▶ DATA BLOCK:
* * *
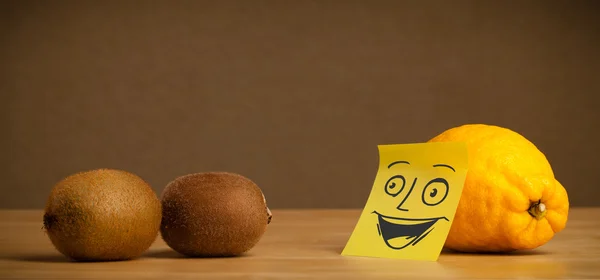 Lemon with post-it note smiling at kiwis — Stock Photo, Image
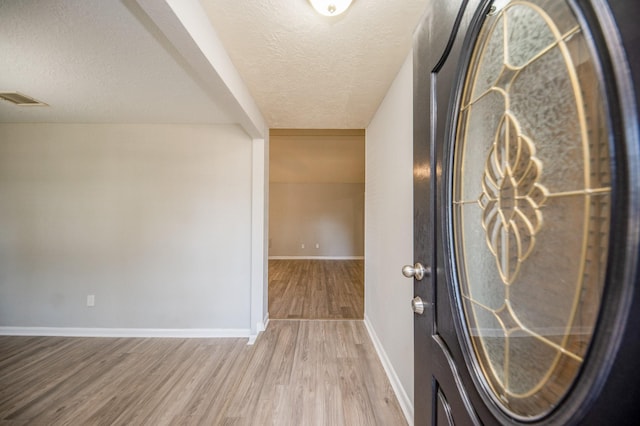 entryway featuring baseboards, a textured ceiling, visible vents, and wood finished floors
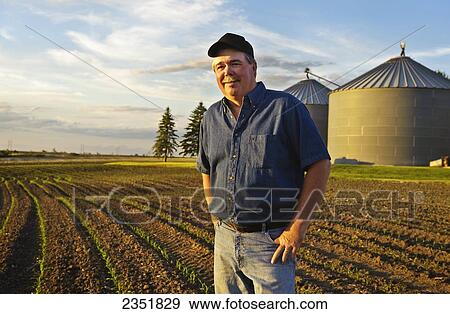 Stock Photo - Agriculture - Portrait of a farmer in his early growth grain corn field several weeks after planting, with grain bins in the background / Central Iowa, USA.. Fotosearch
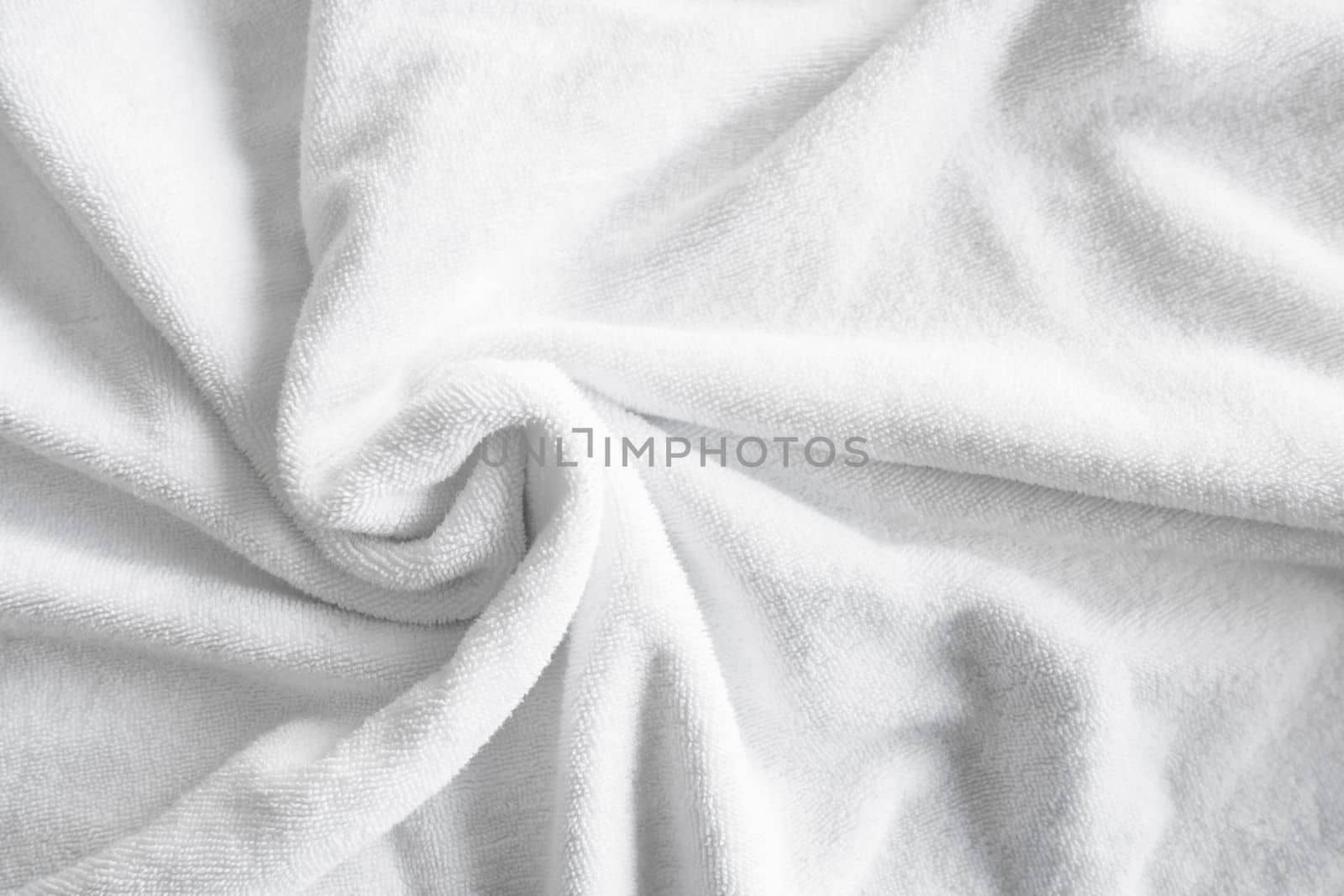 Textured white natural cotton towel background photo with selective focus.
* * *
▶ EXERCISE REQUIREMENTS:
The answer is the full listing above, reproduced character for character, minus its images.

▶ RESULT BELOW:
 Lemon with post-it note smiling at kiwis — Stock Photo, Image
 entryway featuring baseboards, a textured ceiling, visible vents, and wood finished floors
 Stock Photo - Agriculture - Portrait of a farmer in his early growth grain corn field several weeks after planting, with grain bins in the background / Central Iowa, USA.. Fotosearch
 Textured white natural cotton towel background photo with selective focus.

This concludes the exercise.